35 pays l’ont approuvée comme traitement. L’Asie, l’Amérique latine, le Moyen-Orient, l’Europe de l’Est l’utilisent pour renforcer le système immunitaire. En France, quasiment personne n’en a entendu parler.
Mais avant de crier au miracle, il faut regarder ce que la science en dit vraiment. Pas les influenceurs. Pas les vendeurs de peptides sur Internet. La science.

Table des matières
Le thymus : cette glande que tout le monde oublie
Derrière le sternum, juste au-dessus du coeur, se trouve une petite glande en forme de papillon. C’est le thymus.
Son rôle : former les lymphocytes T. Ces globules blancs sont les soldats du système immunitaire. Ils repèrent les cellules infectées et les détruisent. Sans eux, le corps est une porte ouverte aux infections.
Le problème, c’est que le thymus rétrécit avec l’âge. À 40 ans, il a déjà perdu une bonne partie de sa capacité de production. À 60 ans, il ne fait quasiment plus rien. C’est une des raisons pour lesquelles les personnes âgées tombent plus souvent malades et répondent moins bien aux vaccins.

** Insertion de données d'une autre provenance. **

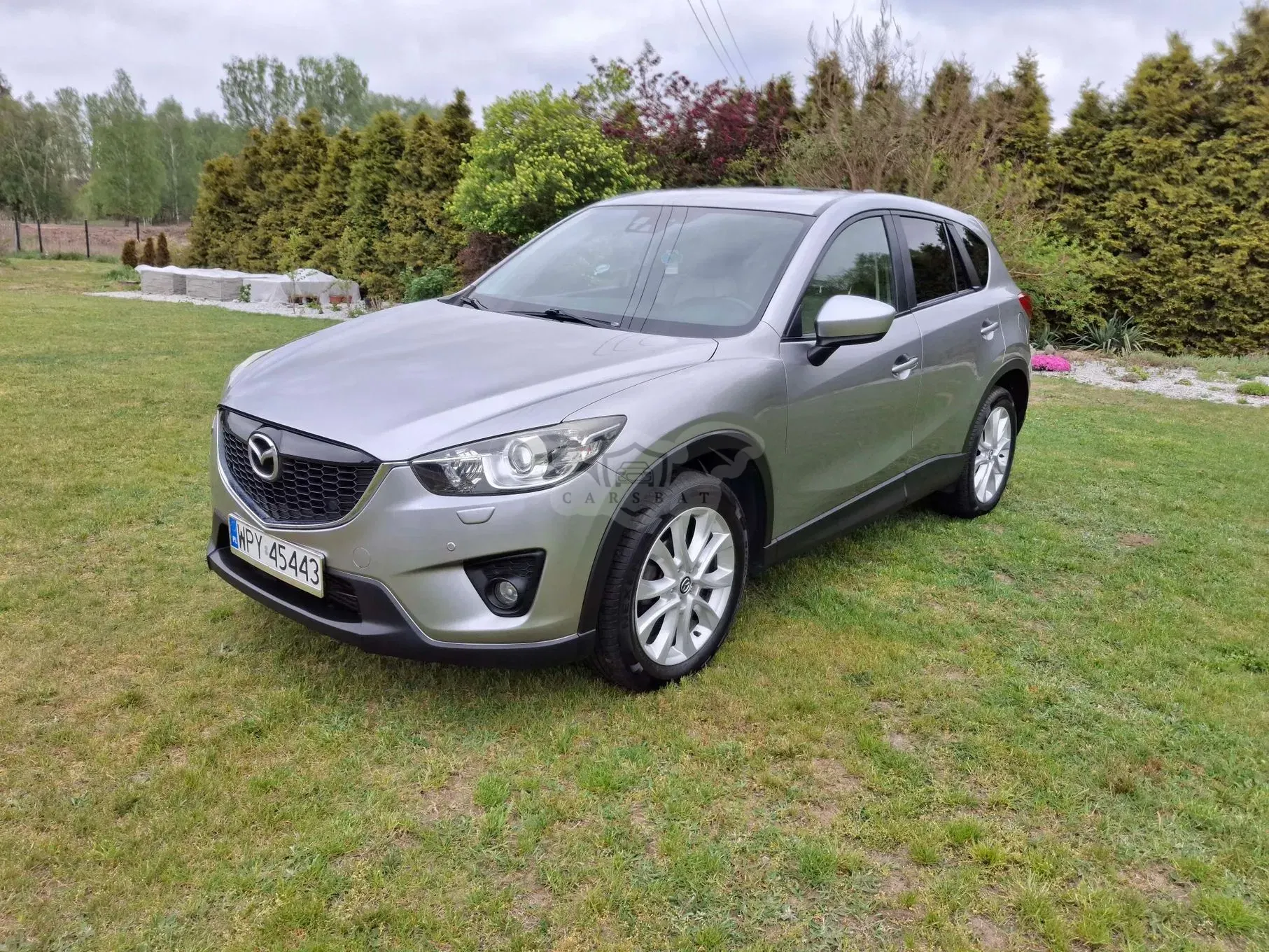 Mazda CX-5 I (2012-2017) 2012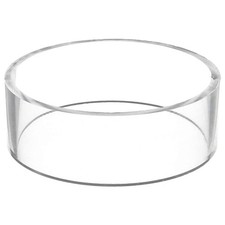 Clear Acrylic Ball Stand Holder Display Basketball Football Soccer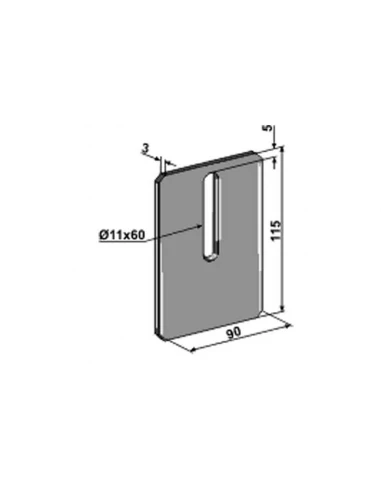 grattoir - amazone - adapt - 6081200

Et c’est là qu’intervient la thymosine alpha 1.
La thymosine alpha 1 : c’est quoi exactement ?
C’est un peptide composé de 28 acides aminés. Pour simplifier : un peptide est une petite chaîne de molécules (les acides aminés) qui sert de messager chimique dans le corps. Celui-ci a été isolé pour la première fois en 1972 par le Dr Allan Goldstein, spécialiste en biochimie et en immunologie.
La thymosine alpha 1 fait partie de la famille des thymosines, des molécules produites par le thymus qui fonctionnent un peu comme des hormones sur le système immunitaire.
En clair : c’est l’un des messagers que le thymus utilise pour “entraîner” les lymphocytes T et coordonner la réponse immunitaire.
La version synthétique (chimiquement identique à celle du corps humain) s’appelle thymalfasine. Son nom commercial : Zadaxin. C’est le seul médicament à base de thymosine approuvé par la FDA (l’agence américaine du médicament), mais uniquement pour le traitement de l’hépatite B et C chronique et comme adjuvant en chimiothérapie.
En dehors des Etats-Unis, la thymalfasine est aussi approuvée comme stimulant de la réponse immunitaire dans 35 pays d’Amérique latine, d’Europe de l’Est, du Moyen-Orient et de la zone Asie-Pacifique.
Comment elle agit dans le corps
La thymosine alpha 1 ne “booste” pas le système immunitaire comme un café du matin. Elle le module. La différence est importante.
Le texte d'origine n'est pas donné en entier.